Many moons ago, the college professor who recommended me for the Honors English program, despite the fact that I didn’t have enough hours to be eligible at the time, took me under his wing. The last day of class, he walked me to the door and offered the most valuable advice from my limited college experience. To be a great writer, you must be a great reader. To exercise the writing muscles so that they are flexible enough to sway, tense, reach, and stretch with literary ease, a writer must read everything; the good, the bad, and the ugly. By doing so, your individual style begins to surface as you subconsciously process the literary merit of each book.
I believed him.
Now, as I prepare to stretch my writing muscles with my own first novel, I read with an eye for openings, pacing, voice, story arc, character development, and resolutions. For writers, books contain more than stories. They are art to be studied. I thought I’d share my most recent reads.
Stay tuned as I add more titles in later posts.
MOON OVER MANIFEST by Clare Vanderpool (Delacorte Press, 2010) From Booklist
*Starred Review* After a life of riding the rails with her father, 12-year-old Abilene can’t understand why he has sent her away to stay with Pastor Shady Howard in Manifest, Missouri, a town he left years earlier; but over the summer she pieces together his story. In 1936, Manifest is a town worn down by sadness, drought, and the Depression, but it is more welcoming to newcomers than it was in 1918, when it was a conglomeration of coal-mining immigrants who were kept apart by habit, company practice, and prejudice. Abilene quickly finds friends and uncovers a local mystery. Their summerlong “spy hunt” reveals deep-seated secrets and helps restore residents’ faith in the bright future once promised on the town’s sign. Abilene’s first-person narrative is intertwined with newspaper columns from 1917 to 1918 and stories told by a diviner, Miss Sadie, while letters home from a soldier fighting in WWI add yet another narrative layer. Vanderpool weaves humor and sorrow into a complex tale involving murders, orphans, bootlegging, and a mother in hiding. With believable dialogue, vocabulary and imagery appropriate to time and place, and well-developed characters, this rich and rewarding first novel is “like sucking on a butterscotch. Smooth and sweet.”
HOW NOT TO BE POPULAR by Jennifer Ziegler (Delacorte Press, 2008) I’m embarrassed to admit that it’s taken me four years to “meet” Sugar Magnolia Dempsey (Maggie). I certainly understand why a movie is in the works. Fabulous!
From Jenny’s website… Maggie Dempsey is tired of moving all over the country. Her parents are blowin’-in-the-wind hippies who uproot her every few months to go to a new city. When Maggie was younger, she thought their life was fun and adventurous. Now that she’s a teenager, she hates it.

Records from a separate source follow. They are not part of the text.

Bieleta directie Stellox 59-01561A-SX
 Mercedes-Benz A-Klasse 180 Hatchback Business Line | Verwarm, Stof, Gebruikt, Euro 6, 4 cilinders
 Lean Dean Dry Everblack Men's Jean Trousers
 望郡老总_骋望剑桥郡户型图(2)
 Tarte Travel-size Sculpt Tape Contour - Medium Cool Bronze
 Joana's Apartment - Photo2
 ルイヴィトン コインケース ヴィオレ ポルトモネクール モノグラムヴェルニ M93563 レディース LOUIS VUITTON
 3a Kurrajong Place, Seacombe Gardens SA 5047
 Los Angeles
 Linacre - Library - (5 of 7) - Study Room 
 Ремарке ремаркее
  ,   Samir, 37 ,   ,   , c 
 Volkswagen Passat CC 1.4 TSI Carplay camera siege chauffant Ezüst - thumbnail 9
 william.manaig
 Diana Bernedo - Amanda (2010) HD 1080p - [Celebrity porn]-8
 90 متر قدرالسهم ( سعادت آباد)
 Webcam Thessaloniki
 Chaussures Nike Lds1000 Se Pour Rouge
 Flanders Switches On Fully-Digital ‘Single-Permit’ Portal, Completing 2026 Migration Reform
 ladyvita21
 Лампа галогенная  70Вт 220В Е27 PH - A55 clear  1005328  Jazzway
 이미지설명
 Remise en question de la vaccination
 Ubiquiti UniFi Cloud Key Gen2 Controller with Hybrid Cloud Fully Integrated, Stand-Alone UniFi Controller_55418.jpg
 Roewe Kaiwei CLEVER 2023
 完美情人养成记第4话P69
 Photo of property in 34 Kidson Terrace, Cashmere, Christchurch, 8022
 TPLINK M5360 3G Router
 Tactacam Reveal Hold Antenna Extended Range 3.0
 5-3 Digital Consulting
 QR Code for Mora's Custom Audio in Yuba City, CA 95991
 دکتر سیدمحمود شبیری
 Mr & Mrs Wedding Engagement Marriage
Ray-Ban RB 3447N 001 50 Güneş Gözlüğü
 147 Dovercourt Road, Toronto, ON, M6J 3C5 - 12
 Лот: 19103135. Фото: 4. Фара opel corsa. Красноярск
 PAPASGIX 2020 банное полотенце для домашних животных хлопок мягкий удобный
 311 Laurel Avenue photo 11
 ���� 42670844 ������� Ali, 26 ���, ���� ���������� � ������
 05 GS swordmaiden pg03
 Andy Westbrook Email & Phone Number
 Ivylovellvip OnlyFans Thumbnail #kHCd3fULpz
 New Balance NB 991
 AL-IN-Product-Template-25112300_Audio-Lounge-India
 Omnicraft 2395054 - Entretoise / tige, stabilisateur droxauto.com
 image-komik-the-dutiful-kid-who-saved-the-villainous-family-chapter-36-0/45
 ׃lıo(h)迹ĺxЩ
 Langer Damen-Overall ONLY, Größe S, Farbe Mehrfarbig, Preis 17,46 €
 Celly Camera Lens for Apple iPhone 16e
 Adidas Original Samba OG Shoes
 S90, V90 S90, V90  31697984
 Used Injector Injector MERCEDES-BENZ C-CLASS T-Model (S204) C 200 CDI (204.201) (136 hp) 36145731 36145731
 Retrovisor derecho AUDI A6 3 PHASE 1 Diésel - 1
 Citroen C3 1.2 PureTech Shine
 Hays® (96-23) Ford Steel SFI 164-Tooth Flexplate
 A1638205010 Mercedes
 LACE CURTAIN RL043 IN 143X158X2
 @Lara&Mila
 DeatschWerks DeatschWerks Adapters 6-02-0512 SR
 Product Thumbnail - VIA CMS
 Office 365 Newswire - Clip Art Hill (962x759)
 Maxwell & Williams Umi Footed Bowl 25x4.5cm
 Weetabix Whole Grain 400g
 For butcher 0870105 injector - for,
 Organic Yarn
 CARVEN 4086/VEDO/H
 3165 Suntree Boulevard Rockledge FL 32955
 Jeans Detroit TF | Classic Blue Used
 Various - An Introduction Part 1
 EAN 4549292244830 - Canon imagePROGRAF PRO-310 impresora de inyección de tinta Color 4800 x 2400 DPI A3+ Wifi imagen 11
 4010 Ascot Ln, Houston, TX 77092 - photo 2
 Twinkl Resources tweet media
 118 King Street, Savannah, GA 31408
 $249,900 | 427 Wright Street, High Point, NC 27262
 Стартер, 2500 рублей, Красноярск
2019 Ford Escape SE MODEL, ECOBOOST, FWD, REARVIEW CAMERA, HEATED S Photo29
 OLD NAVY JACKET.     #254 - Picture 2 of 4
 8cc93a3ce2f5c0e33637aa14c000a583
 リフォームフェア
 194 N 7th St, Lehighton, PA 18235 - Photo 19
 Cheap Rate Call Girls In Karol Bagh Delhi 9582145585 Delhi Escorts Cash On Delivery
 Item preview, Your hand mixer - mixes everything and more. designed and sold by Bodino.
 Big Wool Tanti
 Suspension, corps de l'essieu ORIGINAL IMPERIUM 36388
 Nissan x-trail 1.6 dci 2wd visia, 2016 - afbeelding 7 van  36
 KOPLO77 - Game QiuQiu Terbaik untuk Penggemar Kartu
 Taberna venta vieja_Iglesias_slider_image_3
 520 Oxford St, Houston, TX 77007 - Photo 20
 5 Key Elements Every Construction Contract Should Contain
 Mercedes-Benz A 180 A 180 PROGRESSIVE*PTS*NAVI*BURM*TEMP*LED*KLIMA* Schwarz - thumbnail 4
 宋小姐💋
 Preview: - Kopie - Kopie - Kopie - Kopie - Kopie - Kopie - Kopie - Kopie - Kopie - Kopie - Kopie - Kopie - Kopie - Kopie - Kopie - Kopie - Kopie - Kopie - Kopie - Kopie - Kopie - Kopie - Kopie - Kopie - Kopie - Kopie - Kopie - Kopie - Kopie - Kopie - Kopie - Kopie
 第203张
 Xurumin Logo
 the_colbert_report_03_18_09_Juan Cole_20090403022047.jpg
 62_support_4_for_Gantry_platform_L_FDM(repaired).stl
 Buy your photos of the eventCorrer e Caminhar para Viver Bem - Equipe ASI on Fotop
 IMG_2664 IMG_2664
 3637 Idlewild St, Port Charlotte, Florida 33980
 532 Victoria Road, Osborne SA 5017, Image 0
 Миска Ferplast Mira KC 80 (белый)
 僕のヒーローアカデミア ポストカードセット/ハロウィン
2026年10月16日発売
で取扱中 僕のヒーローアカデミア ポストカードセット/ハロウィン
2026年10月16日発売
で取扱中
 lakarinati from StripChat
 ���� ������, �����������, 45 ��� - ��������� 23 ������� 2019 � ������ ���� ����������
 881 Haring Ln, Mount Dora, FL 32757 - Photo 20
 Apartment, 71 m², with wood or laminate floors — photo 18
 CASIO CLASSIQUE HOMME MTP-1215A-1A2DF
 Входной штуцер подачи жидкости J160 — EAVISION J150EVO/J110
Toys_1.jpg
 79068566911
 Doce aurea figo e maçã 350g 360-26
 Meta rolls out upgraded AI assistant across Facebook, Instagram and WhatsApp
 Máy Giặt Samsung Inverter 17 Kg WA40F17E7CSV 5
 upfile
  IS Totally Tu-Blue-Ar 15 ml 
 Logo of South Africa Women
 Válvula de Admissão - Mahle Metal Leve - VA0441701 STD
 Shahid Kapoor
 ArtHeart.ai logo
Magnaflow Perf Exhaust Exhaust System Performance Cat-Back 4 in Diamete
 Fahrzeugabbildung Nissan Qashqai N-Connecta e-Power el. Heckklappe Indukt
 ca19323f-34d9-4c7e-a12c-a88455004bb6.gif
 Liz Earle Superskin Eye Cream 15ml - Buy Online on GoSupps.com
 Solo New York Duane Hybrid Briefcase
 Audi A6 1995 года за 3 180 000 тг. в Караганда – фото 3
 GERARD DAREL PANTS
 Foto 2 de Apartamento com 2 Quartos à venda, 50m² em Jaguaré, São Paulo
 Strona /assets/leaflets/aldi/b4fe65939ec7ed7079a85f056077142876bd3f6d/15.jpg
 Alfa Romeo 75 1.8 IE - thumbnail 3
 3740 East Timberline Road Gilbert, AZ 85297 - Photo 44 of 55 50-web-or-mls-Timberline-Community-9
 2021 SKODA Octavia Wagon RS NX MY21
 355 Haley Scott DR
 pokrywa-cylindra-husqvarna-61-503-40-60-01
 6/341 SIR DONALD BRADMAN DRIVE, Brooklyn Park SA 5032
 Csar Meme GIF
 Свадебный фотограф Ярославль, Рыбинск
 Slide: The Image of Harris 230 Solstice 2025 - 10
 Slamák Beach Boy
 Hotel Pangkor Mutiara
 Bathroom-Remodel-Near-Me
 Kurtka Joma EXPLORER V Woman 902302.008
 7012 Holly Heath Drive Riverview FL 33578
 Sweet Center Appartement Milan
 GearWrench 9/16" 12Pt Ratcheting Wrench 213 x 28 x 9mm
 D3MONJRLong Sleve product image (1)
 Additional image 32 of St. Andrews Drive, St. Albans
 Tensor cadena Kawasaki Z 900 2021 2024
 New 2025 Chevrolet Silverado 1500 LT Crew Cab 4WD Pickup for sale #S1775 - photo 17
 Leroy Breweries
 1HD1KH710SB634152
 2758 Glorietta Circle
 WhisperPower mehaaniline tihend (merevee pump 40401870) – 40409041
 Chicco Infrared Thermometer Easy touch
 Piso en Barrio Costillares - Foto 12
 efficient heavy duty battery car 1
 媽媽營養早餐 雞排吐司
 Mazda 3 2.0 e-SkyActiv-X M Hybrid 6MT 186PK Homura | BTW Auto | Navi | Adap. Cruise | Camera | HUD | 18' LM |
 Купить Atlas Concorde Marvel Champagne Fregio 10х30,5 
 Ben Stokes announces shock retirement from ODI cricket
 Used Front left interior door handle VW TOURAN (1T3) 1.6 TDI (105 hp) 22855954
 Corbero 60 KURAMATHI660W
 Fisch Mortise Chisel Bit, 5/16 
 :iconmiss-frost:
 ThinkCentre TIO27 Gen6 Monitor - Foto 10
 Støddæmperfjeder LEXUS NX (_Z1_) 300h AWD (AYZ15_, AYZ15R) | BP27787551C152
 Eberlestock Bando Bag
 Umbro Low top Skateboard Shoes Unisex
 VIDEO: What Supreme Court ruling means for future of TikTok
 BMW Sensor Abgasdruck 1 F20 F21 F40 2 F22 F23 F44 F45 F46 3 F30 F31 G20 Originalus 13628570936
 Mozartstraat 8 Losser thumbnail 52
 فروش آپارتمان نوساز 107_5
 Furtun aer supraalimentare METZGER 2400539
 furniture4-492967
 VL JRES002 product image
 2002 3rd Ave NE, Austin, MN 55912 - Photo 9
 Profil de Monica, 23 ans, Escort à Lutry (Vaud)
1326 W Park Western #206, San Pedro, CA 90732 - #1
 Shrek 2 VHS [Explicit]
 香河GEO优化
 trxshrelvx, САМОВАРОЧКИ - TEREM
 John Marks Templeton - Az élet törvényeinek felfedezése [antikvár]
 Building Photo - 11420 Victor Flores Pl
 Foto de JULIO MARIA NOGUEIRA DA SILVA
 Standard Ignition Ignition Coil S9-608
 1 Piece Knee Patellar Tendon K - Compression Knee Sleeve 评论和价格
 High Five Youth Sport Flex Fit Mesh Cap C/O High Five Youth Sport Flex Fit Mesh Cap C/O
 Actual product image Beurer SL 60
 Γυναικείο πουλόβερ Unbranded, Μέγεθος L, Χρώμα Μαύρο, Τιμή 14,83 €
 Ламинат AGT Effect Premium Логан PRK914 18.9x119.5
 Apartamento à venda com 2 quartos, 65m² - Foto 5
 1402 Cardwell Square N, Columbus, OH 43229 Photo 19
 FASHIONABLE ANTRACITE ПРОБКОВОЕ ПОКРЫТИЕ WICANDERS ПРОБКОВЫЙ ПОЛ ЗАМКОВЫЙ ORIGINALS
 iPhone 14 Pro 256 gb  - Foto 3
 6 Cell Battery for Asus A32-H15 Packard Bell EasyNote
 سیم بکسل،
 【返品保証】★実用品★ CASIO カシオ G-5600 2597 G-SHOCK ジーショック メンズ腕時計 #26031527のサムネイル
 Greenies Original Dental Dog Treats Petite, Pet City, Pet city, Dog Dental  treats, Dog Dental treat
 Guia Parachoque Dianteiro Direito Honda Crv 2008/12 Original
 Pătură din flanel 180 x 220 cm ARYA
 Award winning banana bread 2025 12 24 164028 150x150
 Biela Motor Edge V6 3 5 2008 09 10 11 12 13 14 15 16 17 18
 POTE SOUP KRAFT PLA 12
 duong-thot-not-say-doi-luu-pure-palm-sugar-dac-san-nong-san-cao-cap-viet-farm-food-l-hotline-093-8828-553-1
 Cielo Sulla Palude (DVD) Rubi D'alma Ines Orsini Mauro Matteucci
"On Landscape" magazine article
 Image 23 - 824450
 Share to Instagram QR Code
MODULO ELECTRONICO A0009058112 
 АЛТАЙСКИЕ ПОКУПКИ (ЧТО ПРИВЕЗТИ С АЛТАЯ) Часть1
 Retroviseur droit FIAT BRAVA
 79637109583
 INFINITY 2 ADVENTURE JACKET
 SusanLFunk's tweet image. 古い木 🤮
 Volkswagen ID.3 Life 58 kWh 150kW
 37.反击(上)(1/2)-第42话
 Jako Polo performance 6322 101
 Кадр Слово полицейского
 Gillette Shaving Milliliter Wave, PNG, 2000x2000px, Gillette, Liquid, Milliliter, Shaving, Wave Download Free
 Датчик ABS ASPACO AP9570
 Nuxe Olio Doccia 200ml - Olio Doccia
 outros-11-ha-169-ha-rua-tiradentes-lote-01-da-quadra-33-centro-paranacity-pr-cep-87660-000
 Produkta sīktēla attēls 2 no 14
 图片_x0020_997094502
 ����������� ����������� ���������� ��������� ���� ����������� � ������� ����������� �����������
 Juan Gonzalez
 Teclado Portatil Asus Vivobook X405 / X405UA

Each time she moved, she left behind good friends, a great school, and a real feeling of belonging. But this last time she moved it was even worse: she left behind a boyfriend, too.
Now that they’re moving to Austin, Texas, Maggie knows better. She’s not going to make friends. She’s not going to fit in. And she’s definitely not going to fall for the alpha hottie who won’t leave her alone—no matter how gorgeous he is.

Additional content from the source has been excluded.